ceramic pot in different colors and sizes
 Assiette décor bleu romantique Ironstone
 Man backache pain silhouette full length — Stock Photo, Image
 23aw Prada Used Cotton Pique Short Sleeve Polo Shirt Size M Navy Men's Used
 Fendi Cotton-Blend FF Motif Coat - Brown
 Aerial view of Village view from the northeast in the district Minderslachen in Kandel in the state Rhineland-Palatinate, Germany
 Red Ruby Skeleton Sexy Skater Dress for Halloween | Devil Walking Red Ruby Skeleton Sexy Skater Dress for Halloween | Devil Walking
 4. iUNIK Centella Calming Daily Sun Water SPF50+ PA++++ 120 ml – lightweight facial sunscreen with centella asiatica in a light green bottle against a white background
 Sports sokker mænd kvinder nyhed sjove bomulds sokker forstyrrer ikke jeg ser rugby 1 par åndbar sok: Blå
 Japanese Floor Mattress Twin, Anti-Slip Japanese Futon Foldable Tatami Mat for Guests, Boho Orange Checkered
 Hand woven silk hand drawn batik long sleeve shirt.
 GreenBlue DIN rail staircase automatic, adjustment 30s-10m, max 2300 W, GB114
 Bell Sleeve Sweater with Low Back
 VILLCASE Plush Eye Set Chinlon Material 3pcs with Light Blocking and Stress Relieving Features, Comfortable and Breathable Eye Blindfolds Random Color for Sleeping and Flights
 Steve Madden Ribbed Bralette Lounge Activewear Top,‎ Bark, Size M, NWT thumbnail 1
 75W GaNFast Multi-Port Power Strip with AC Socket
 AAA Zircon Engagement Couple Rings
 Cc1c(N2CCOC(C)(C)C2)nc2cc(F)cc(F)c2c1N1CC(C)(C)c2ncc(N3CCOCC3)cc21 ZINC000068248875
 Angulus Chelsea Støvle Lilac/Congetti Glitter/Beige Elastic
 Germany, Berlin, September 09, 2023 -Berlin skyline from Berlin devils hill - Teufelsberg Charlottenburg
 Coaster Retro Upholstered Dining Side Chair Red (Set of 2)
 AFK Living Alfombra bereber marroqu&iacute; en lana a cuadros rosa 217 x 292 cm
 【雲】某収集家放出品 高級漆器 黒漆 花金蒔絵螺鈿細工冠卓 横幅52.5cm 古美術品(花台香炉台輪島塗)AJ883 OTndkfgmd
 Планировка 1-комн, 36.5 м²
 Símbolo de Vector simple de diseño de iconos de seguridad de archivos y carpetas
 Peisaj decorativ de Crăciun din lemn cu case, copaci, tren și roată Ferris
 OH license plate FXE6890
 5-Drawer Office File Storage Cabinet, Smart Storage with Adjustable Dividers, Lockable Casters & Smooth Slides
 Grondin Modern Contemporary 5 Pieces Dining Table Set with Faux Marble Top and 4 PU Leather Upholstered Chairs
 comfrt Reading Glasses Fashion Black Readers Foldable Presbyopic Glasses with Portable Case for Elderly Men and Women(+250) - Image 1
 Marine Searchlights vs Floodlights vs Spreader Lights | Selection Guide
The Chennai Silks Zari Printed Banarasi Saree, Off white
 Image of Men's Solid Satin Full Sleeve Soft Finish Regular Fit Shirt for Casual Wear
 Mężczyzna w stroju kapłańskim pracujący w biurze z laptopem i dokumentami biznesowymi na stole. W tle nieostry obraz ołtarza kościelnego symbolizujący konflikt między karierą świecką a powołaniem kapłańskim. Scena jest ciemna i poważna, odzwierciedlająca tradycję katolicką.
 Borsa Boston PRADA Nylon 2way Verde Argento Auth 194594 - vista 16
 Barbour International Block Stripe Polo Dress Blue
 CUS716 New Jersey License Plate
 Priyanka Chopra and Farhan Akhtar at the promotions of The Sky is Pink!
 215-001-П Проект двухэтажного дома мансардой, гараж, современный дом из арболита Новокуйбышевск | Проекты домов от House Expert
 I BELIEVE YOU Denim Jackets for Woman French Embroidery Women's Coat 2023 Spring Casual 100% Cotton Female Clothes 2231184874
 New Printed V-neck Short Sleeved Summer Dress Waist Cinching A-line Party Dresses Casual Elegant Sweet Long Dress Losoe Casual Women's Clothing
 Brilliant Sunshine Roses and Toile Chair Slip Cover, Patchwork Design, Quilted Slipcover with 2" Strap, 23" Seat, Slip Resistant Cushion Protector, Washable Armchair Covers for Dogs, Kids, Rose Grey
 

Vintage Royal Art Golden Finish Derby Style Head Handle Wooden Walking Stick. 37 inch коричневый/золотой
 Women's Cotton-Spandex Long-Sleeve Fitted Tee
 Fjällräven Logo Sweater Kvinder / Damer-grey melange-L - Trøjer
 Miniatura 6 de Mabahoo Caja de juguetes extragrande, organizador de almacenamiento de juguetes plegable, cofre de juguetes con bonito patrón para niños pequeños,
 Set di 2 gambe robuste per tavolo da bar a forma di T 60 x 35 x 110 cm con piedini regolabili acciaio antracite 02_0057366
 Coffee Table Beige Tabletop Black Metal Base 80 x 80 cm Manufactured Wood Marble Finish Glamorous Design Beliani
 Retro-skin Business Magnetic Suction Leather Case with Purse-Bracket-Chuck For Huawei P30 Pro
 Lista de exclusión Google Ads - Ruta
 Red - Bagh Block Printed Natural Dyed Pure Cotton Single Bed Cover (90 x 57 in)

#####

- What you should do -
When a line of the data holds the string "Beige", pick it out and copy it.

- Solution -
 Angulus Chelsea Støvle Lilac/Congetti Glitter/Beige Elastic
 Coffee Table Beige Tabletop Black Metal Base 80 x 80 cm Manufactured Wood Marble Finish Glamorous Design Beliani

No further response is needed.